Janet Maslin of The New York Times wrote "The film is almost entirely adrift. A group of three screenwriters...have not succeeded in giving it any momentum at all...The material is exceptionally talky and becalmed, the central question none too compelling, and the visual style distractingly cluttered...Still, Miss Streisand...manages to be every inch the star."

Roger Ebert of the Chicago Sun-Times rated the film two out of four stars and noted that "the movie's revelations are told in such dreary, clichéd, weather-beaten old movie terms that we hardly care...As the courtroom drama slogs its weary way home, Streisand's authentic performance as a madwoman seems harder and harder to sustain...Nuts is essentially just a futile exercise in courtroom cliches, surrounding a good performance that doesn't fit."

Rita Kempley of The Washington Post called the film "a consistent character study, paced like a good thriller" and cited Barbra Streisand's "bravissimo performance". She added "She is so dazzling, in fact, that she blinds us to the pat psychology of the facile script...There's heat in the moment, but there's nothing to chew on afterward...Nuts is less than the sum of its illustrious parts. Despite all its achievements, it's ultimately hollow inside, like a cake at a bachelor party. The filmmakers never quite succeed in their larger purpose: pitting inner truths against outward appearances to force us to decide who is and is not nuts. It wants to be a movie with a message, but in the end it's just a melodrama." Desson Howe of The Washington Post wrote "[I]t's Hollywood manipulation at its best. You're given little emotional tidbits along the way until the high point."

Jonathan Rosenbaum of the Chicago Reader wrote "While the movie holds one's attention throughout, and its liberal message is compelling, we are clued in to certain facts about the heroine so early on that the audience is never really tested along with the characters.
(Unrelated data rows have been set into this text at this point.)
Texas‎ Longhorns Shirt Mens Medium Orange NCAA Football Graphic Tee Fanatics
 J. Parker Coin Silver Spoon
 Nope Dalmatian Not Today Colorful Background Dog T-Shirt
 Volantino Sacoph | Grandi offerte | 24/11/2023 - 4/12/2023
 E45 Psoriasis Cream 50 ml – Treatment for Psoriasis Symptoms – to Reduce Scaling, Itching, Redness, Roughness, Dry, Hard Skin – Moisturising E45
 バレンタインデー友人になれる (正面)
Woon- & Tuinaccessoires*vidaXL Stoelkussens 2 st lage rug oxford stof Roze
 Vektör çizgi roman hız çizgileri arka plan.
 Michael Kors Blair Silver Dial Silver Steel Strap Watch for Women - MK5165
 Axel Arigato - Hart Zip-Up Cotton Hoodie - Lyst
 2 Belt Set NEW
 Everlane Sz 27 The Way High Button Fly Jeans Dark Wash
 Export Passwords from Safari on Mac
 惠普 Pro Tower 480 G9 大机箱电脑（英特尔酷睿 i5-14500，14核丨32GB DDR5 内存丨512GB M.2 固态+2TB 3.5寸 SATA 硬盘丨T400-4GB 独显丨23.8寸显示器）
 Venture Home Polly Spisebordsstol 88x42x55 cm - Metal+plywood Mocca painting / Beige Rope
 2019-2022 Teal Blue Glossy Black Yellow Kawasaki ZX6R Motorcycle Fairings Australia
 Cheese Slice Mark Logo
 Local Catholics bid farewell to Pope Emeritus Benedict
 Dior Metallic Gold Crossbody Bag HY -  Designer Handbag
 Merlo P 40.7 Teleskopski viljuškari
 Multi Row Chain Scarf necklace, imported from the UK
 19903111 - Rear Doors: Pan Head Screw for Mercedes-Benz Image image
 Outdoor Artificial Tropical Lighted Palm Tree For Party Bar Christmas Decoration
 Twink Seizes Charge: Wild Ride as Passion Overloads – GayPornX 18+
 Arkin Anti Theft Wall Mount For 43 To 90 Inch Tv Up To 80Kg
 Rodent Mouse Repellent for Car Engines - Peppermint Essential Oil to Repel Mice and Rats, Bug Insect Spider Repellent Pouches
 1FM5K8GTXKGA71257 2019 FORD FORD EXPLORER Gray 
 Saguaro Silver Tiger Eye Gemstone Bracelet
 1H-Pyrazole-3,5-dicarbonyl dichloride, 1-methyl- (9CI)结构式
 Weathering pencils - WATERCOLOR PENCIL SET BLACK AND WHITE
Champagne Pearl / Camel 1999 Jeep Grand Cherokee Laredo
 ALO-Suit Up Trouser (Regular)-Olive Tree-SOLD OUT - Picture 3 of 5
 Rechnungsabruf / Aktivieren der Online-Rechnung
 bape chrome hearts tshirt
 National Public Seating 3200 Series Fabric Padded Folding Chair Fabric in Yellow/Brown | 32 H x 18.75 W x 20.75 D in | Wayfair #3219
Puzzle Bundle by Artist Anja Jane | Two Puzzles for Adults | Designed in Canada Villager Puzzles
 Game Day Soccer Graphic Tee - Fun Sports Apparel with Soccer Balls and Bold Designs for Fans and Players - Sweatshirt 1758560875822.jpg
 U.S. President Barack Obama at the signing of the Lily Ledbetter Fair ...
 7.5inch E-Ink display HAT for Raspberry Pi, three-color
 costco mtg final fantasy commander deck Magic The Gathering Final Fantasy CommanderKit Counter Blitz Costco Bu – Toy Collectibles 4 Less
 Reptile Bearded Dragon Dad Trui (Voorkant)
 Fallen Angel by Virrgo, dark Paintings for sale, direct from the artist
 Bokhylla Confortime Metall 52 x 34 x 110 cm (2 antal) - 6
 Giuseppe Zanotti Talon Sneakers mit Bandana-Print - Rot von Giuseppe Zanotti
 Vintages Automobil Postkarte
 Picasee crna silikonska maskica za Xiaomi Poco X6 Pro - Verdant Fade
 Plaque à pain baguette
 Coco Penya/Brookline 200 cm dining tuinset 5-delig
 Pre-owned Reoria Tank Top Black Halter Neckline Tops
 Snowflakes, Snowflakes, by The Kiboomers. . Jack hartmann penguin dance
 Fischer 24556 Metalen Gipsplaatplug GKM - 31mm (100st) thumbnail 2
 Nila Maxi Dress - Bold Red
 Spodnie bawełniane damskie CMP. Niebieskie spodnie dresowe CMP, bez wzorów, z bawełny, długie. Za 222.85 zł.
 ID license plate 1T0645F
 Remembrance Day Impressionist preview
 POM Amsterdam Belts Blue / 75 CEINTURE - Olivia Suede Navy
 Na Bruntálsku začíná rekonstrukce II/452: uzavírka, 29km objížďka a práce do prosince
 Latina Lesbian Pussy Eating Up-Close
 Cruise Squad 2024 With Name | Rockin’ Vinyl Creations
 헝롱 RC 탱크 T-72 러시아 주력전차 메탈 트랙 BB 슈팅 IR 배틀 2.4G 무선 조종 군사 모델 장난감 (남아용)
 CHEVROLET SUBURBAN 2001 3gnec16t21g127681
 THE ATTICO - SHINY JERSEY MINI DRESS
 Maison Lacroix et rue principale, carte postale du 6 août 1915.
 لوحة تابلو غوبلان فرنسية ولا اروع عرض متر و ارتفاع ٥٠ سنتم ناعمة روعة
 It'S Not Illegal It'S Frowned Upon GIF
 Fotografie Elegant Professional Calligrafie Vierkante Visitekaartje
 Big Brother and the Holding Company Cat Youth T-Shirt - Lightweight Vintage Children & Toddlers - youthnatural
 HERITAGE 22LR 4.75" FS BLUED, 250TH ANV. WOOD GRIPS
What might have been a sharper existential confrontation of our received ideas about sanity merely comes across as an effective courtroom drama, with strategically placed revelations and climaxes."

==Accolades==
The film was nominated for the Golden Globe Award for Best Motion Picture – Drama. Streisand was nominated for the Golden Globe Award for Best Actress – Motion Picture Drama, and for the David di Donatello for Best Foreign Actress. Dreyfuss was nominated for the Golden Globe Award for Best Supporting Actor – Motion Picture.

==Home media==
Warner Home Video released the film on Region 1 DVD on July 1, 2003. It is in anamorphic widescreen format with audio tracks in English and French and subtitles in English, French, and Spanish. Bonus features include commentary by Barbra Streisand and a production stills gallery.